Ich werde wertgeschätzt. Ich werde ernst genommen. Laut Mario Derntl sagen das junge Menschen, die in ihren Betrieben gerne und zufrieden eine Lehre machen. Der Chef der überregionalen Lehrlingsinitiative Zukunft.Lehre.Österreich (z.l.ö.) erinnert an das eigentlich doch Einfache, Menschliche, wenn es um Finden und Halten junger Menschen für und in Lehrberufen geht. Die Not jedenfalls bleibe groß, auch wenn die wirtschaftlichen Aussichten nunmehr Stagnation für 2023 in Österreich bedeuten, so Derntl. Aussitzen und Warten, dass von selbst wieder Junge anklopfen, werde nicht mehr stattfinden. Er verweist auf die demografische Kurve und die Pensionierungswelle in der Generation Boomer.

Alle wollen Wertschätzung

Zur Untermauerung, dass (fast) alles an einer Haltungsänderung liegt, ein Befund aus Deutschland: Eine Mehrheit in Deutschland ist der Ansicht, dass Facharbeiter und ihre Berufe zu wenig Wertschätzung erhalten. In einer Umfrage des Meinungsforschungsinstituts Yougov im Auftrag des Autozulieferers Continental bezeichneten 59 Prozent der Befragten die Wertschätzung als nicht angemessen oder eher nicht angemessen. Eine klare Mehrheit der Befragten im Alter von 16 bis 22 Jahren gab zudem an, ein Studium anzustreben (42 Prozent). In den Kategorien des gesellschaftlichen Status gedacht verständlich.
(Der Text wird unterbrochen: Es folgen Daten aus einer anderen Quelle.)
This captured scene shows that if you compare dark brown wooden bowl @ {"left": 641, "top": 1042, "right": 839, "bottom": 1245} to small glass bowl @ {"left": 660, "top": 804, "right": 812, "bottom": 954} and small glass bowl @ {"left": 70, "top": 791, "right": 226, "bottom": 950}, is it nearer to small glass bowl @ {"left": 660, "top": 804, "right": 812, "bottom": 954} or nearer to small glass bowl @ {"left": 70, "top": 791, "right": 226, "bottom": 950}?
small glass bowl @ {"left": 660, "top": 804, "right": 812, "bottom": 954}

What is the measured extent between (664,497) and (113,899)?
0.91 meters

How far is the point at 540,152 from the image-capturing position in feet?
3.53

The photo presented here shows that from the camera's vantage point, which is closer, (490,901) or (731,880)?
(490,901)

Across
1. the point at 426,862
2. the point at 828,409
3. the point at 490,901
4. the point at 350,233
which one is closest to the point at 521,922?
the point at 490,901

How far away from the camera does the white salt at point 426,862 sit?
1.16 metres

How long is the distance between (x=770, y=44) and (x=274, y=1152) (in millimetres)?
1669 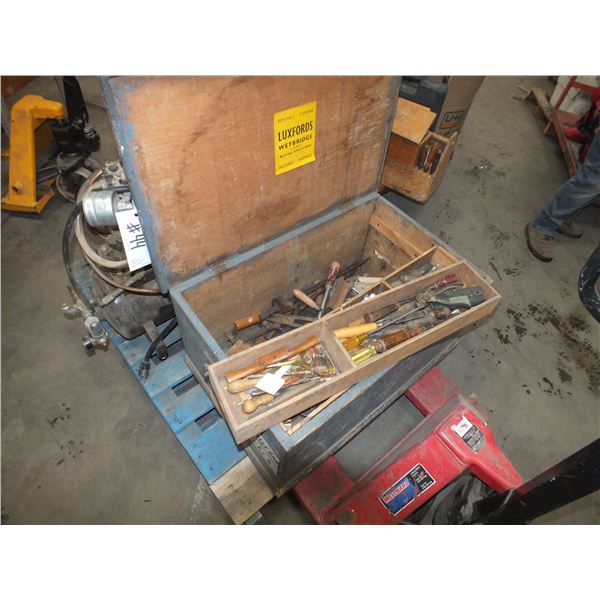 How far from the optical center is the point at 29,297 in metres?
2.41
Eine Berufsausbildung zogen hingegen deutlich weniger (27 Prozent) der jungen Menschen in Betracht. Doch der Fachkräftemangel drängt – als wirksamstes Mittel dagegen sehen die Teilnehmer eine bessere Bezahlung, flexiblere Arbeitsbedingungen sowie mehr gesellschaftliche Anerkennung.

Diese Wünsche tauchen in allen Umfragen, die zuhauf gemacht werden, recht identisch auf. Also ist es eigentlich doch einfach, als Arbeitgeber attraktiv zu sein? Was zu tun wäre, ist klar.

Dass es vielfach noch nicht getan wird, zeigt die Diskussion auf dem Personalevent HR Summit in der Wiener Hofburg auch. Denn die Beraterschar zu genau diesen Themen ist groß vor Ort. Siegfried Götzinger etwa von New Work, der zu Gesamtlösungen mahnt statt zu Hauruck-Einzelaktionen und dafür auch gleich seine Marken Xing, Kununu und Onlyfy für Recruiting bis Unternehmenskultur anbietet.

Erik Creeze vom Onlinetrainingsanbieter Goodhabitz erinnert an den Wunsch, sich im Job fachlich und auch persönlich weiterzuentwickeln, und sagt den Zeiten, als lediglich der Boss eine "Schulung" verordnet hat, Adieu.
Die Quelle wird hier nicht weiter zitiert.